Kamto berjalan pelan mencari tempat duduk di luar areal penjualan buku Titi Gantung, sekedar merenggangkan kakinya yang pegal karena berjalan terus mengelilingi lapak-lapak buku tadi. Maka duduk ia di sebuah pot bunga besar di area taman lapangan merdeka. Dibukanya buku yang tadi dibelinya dan ia melompati bagian pendahuluan buku itu dan langsung memasuki Bab 1 buku itu, judulnya “Lahirnya Seorang Economic Hit Man”. Buku itu secara keseluruhan menggambarkan bagaimana Amerika selaku Negara yang mempunyai peranan dalam pembangunan Negara-negara di dunia, terutama Negara-negara dunia ketiga. Yang memprihatinkan tentangnya bahwa tujuan utama Amerika dalam membangun peradaban adalah untuk membuat seluruh dunia bergantung kepada Amerika dan tak dapat lepas darinya. Di balik buku itu tertulis “Cerita bagaimana Amerika berubah dari republik yang dihormati menjadi kerajaan yang ditakuti”. Cukup jelas bahwa buku itu adalah sebuah kisah tentang kenyataan yang tidak banyak disadari oleh mayoritas populasi di dunia namun terjadi hampir di seluruh muka bumi.

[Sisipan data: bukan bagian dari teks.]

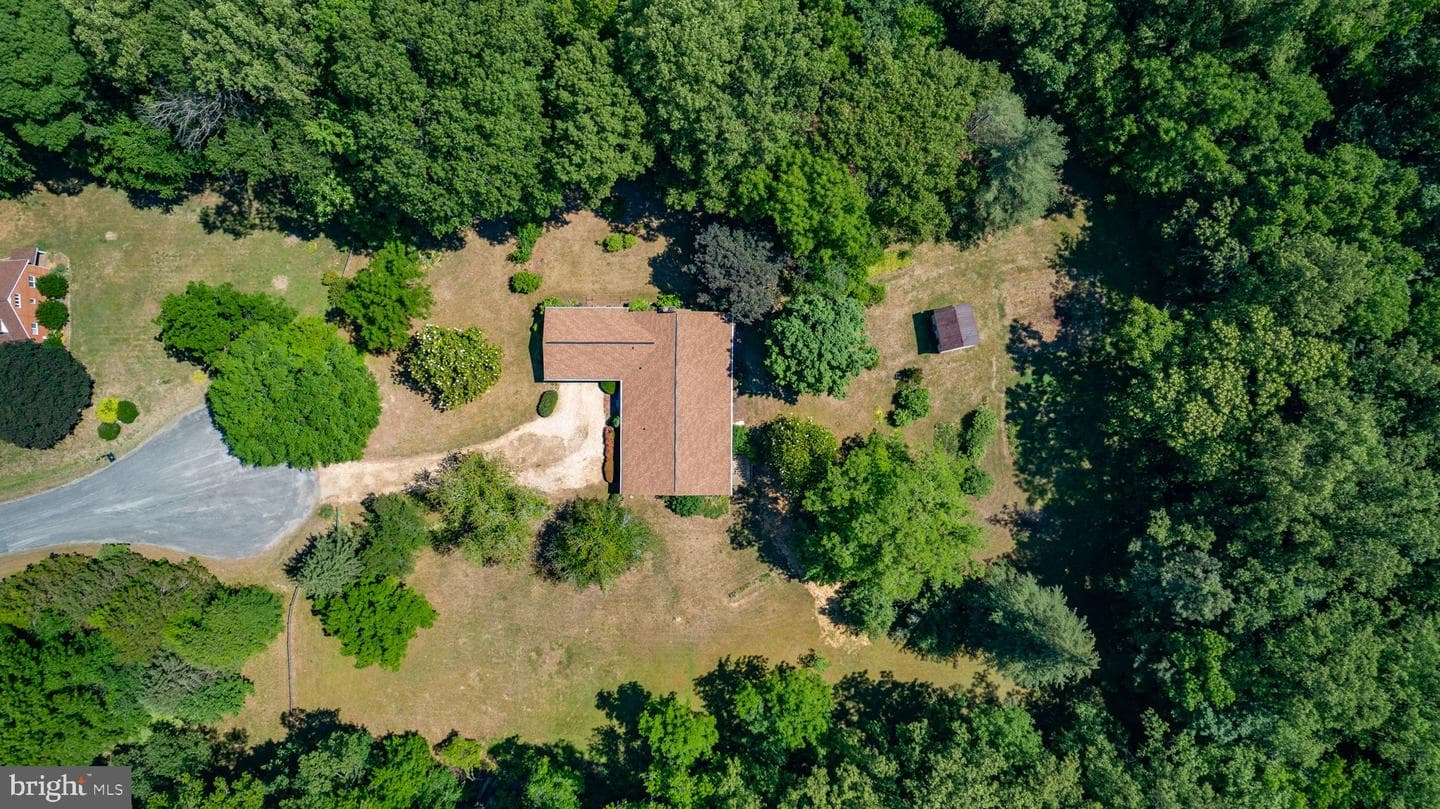 5434 Strawberry Lane photo 81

Sejam Kamto terduduk sembari membaca fakta di halaman-halaman buku yang dipegangnya, membuatnya ingin sedikit rehat sambil berjalan-jalan di sisi lain Merdeka Walk berbeda. Dilihatnya dua orang Pemuda berpakaian casual dan bergaya agak jalanan menapaki trotoar di dekat pintu masuk pusat jajanan di sana. Yang satu berkaos hitam dengan gambar wajah Bung Karno dan yang satu lagi berambut gondrong dengan tatanan yang berantakan, “sungguh a la Aktivis” pikir Kamto dalam hati. Diperhatikannya kedua lelaki muda yang diasumsikan seumuran dengannya itu terus mendekat ke satu pusat makanan cepat saji yang ada di Merdeka Walk, akhirnya mereka berhenti dan duduk di satu meja dengan dua buah bangku. Dilihat Kamto tempat makan itu, McDonald, begitu namanya. Kamto termenung, “apa yang sebenarnya dilakukan kedua orang itu?” Kamto seolah melihat suau anomali dalam kejadian tersebut. Mereka, orang-orang yang menubrukkan dua buah simbol yang bertolak belakang satu sama lain menjadi satu kultur baru yang modern, stagnan dan mainstream. Kamto berfikir lagi “apakah kalau aku menjadi mereka, aku akan punya keinginan untuk membeli buku-buku ini,dan mempunyai keinginan untuk berfikir seperti saat ini? Apa yang sebenarnya ada dalam pikiran mereka?”.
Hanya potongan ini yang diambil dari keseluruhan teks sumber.